Tell Me differs from her debut in a few ways; it sounds closer to the emotional soundtrack of a story, than the telling of the story itself. Some may miss the satisfying arc of tracks like ‘Elevator Operator’ but here Barnett is offering something different. Gone is the detachment of both her previous album and EP (A Sea of Split Peas), instead we feel as if we have been allowed to read her diary — on ‘Walkin’ on Eggshells’ she admits ‘I don’t wanna hurt your feelings/ so I say nothing’. It’s not a work of intricate lyrical weaving of the kind Barnett has become known for, but it’s deeply empathetic and highly relatable — who hasn’t been in this position? This album sounds different too, certainly earworm choruses aren’t entirely missing with singles like ‘Nameless/Faceless’, but the overall effect of the album is more ragged, there’s a notable punk edge. On ‘I’m Not Your Mother, I’m Not Your Bitch’ we hear Barnett get a bit snarly, compare it to the sometimes monotone drawl of her previous songs and the emotion which bleeds into these new tracks is palpable.

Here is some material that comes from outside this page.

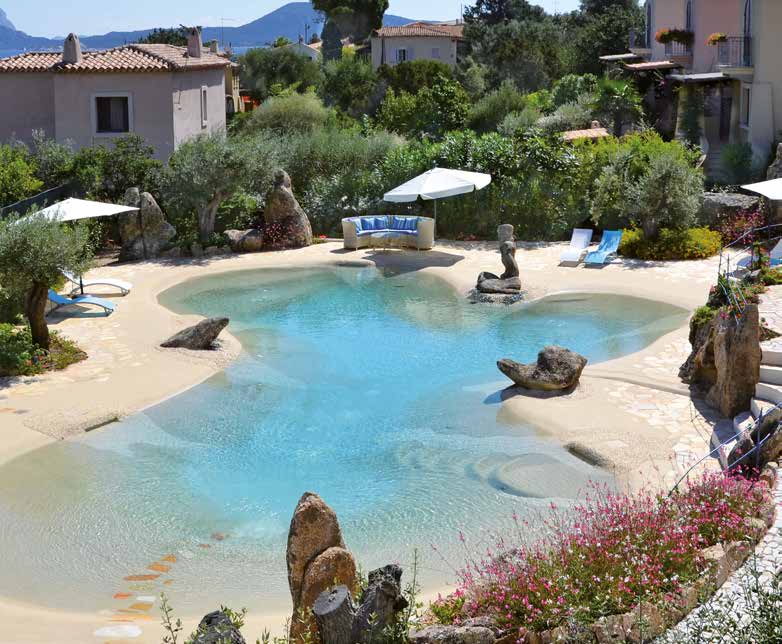 Sand Sculpted pool built by Blue Lagoon Pools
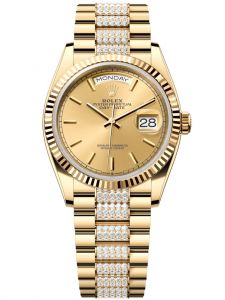 Đồng hồ Rolex Day-Date M128238-0046 128238-0046 vàng vàng mặt số champagne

Perhaps there are times Tell Me verges on disappointing (for an album weighted with such high expectations); a seasoned Barnett fan may have been a little downtrodden to hear the somewhat weak opening line ‘You know what they say/No one’s born to hate’. It doesn’t sound as clichéd as it might — dressed down with a persistent lingering guitar, Barnett’s voice breaks with an eerie clarity — still, there’s a niggling feeling that she could’ve delivered more. There are a few moments like this on Barnett’s new album; lyrics are sparser, they hover around feelings without detail. The combination of grungier music and abstract lyrics makes me wonder if it could be considered (by a few strokes) less accessible than Sometimes.

Expectation is, in itself, one of the anxieties that riddles Barnett from the start to the end on this album. The jump from writing your first album as an only moderately known artist, to writing your second as a beloved indie name must be huge. One might even wonder if Lotta Sea Lice — the 2017 album which saw Barnett pair up with the indie lo-fi fiend Kurt Vile — was a kind of procrastination, albeit a in a very productive form. Lotta Sea Lice is a nice listen (and God knows Vile could out-drawl even Jimmy Stewart) but the tone is so strikingly different to Tell Me, particularly when you consider that — in writing terms — it was released not that long before. Lotta Sea Lice is co-written with Vile, yet it’s hard to believe Barnett’s lyrical input came from anywhere near the same headspace as the lyrics featured on Tell Me.

This considered, it is unsurprising that Barnett has declared this album to be the hardest thing she’s ever written. The drawn-out writing experience can almost be felt throughout Tell Me; though the tone is cohesive there’s something stop/start about the move between tracks — openings of static and feedback give the effect of someone getting chocked up. Barnett’s honesty is really what gives this album its bite, on ‘Crippling Self Doubt and a General Lack of Self-Confidence’ (perhaps the world’s most relatable song title) the lyrics are almost entirely flooded with Barnett’s admissions: ‘I don’t know, I don’t know anything/ I don’t owe, I don’t owe anything’ — if that’s not gutsy, I don’t know what is.

When it comes down to it, Tell Me How You Really Feel marks far more than just a vague change in style. It’s an inward reflection on Barnett’s own emotional landscape — from the nets of larger issues, to the complexity of relationships; it’s about loneliness and the trials of making time for loved ones. Tell Me ends with the track ‘Sunday Roast’ — as songs go it’s the calm after the storm. All rage has left by the time Barnett tenderly sings ‘Keep on keepin’ on, y’know you’re not alone/ And I know all your stories but I’ll listen to them again’. So much more than a love song, ‘Sunday Roast’ displays generosity, a purposeful kindness given with a concerted effort. It certainly makes for a nice bookend to this album, but doubtless, there are more stories to come.